2

I'm just starting here, I hope I follow all the rules. I have a dictionary with its key-value pairs as {..., 'CL': 'León', ...} matching the abbreviation of Spanish regions (i.e. 'CL') to one city in each (i.e. León). I included the line

# _*_ coding: utf-8 _*_

at the beginning so I was able to use utf characters like tildes. The thing is that when I print out individual values everything goes well and the output includes the tildes correctly:

print cities['CL']

However when I print out the whole dictionary as:

print cities

I've got double-byte hex characters, in this case \xc3\xb3.

Why is this? Thanks in advance.

Thomas Fritsch
  • 9,639
  • 33
  • 37
  • 49
Borja G.
  • 29
  • 1
  • Interesting issue my friend , checkout https://stackoverflow.com/questions/8288551/how-do-i-display-non-english-characters-in-python – Ubdus Samad Aug 08 '17 at 16:15
  • 1
    Possible duplicate of [How do I display non-english characters in python?](https://stackoverflow.com/questions/8288551/how-do-i-display-non-english-characters-in-python) – DYZ Aug 08 '17 at 16:16
  • And this as well : https://stackoverflow.com/questions/27814363/how-to-write-dict-into-file-with-characters-other-than-english-letters-in-python – Ubdus Samad Aug 08 '17 at 16:16
  • Possible duplicate of [How to write dict into file with characters other than English letters in python 2.7.8?](https://stackoverflow.com/questions/27814363/how-to-write-dict-into-file-with-characters-other-than-english-letters-in-python) – Ubdus Samad Aug 08 '17 at 16:17
  • I'd say `repr(mydict).decode("unicode-escape")` is the way to go https://stackoverflow.com/a/5648769/1328439 – Dima Chubarov Aug 08 '17 at 16:22
  • 1
    Unrelated: people generally use `-*-`, not `_*_`. This convention comes from Emacs.
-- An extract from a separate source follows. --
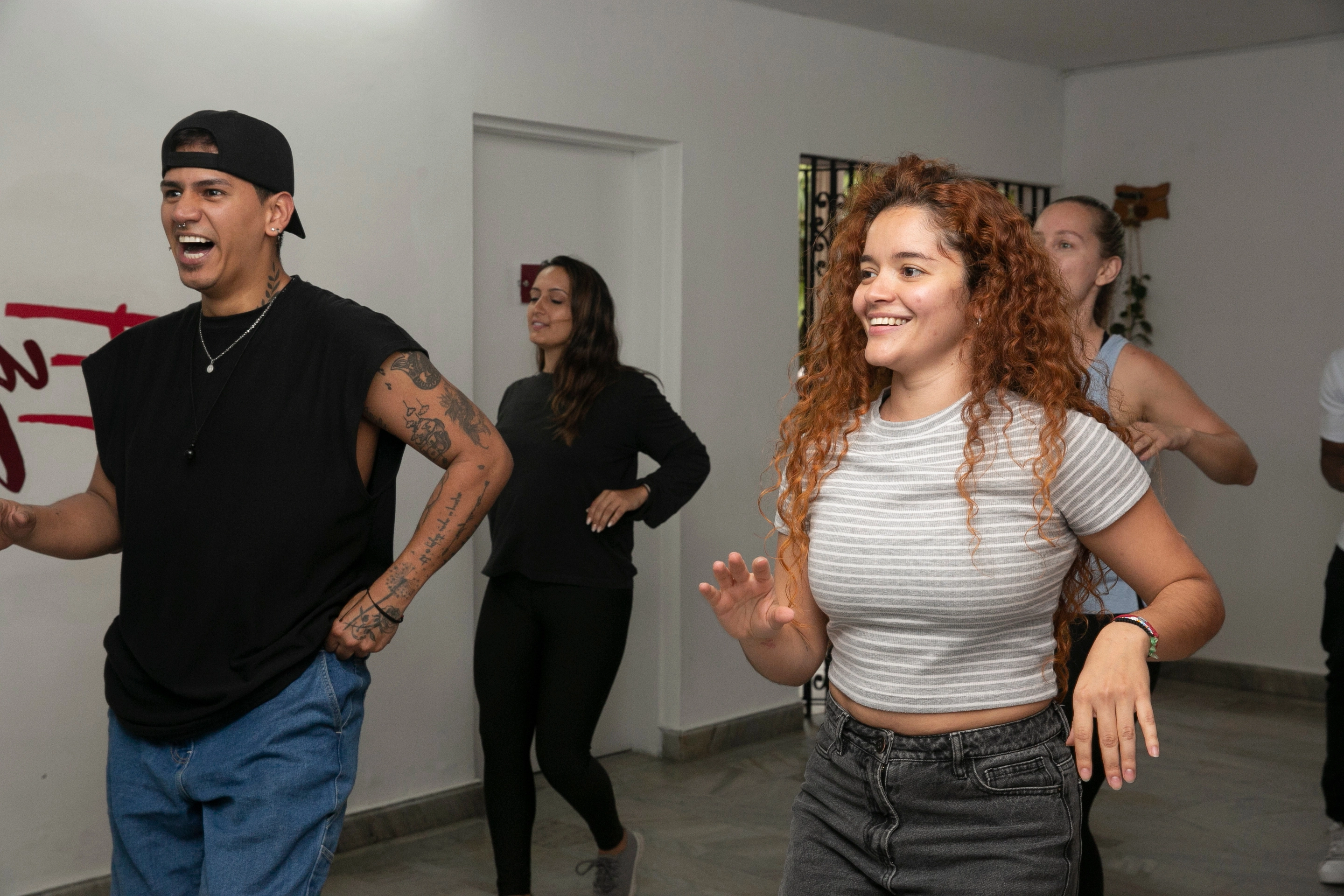 Students enjoying salsa classes in Medellín, learning dance steps in a fun and immersive environment.
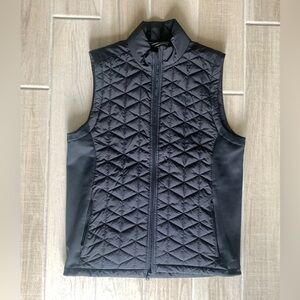 Under Armour Coldgear Reactant puffer-style vest. Color black. Size large.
Python doesn't care as long as it founds `coding:` or `coding=`, so it does not really make a difference, this is just FYI – Andrea Corbellini Aug 08 '17 at 17:15

1 Answers1

0

For byte strings there is another python specific encoding: string-escape

>>> d = {'a' : 'тест', 'b': 'тост'}
>>> print repr(d).decode('string_escape')
{'a': 'тест', 'b': 'тост'}

Python 2 print statement invokes conversion of its argument to string. By default when this value contains non-ascii characters they are escaped.

We can obtain this representaion from the repr() built-in and unescape borrowing from another SO post.

However, if the values are proper unicode strings, for example string constants prefixed with u, their representation and decoding would be different.

>>> d = {'a' : u'тест', 'b': u'тост'}
>>> print d
{'a': u'\u0442\u0435\u0441\u0442', 'b': u'\u0442\u043e\u0441\u0442'}
>>> print repr(d).decode("unicode-escape")
{'a': u'тест', 'b': u'тост'}
Dima Chubarov
  • 16,199
  • 6
  • 40
  • 76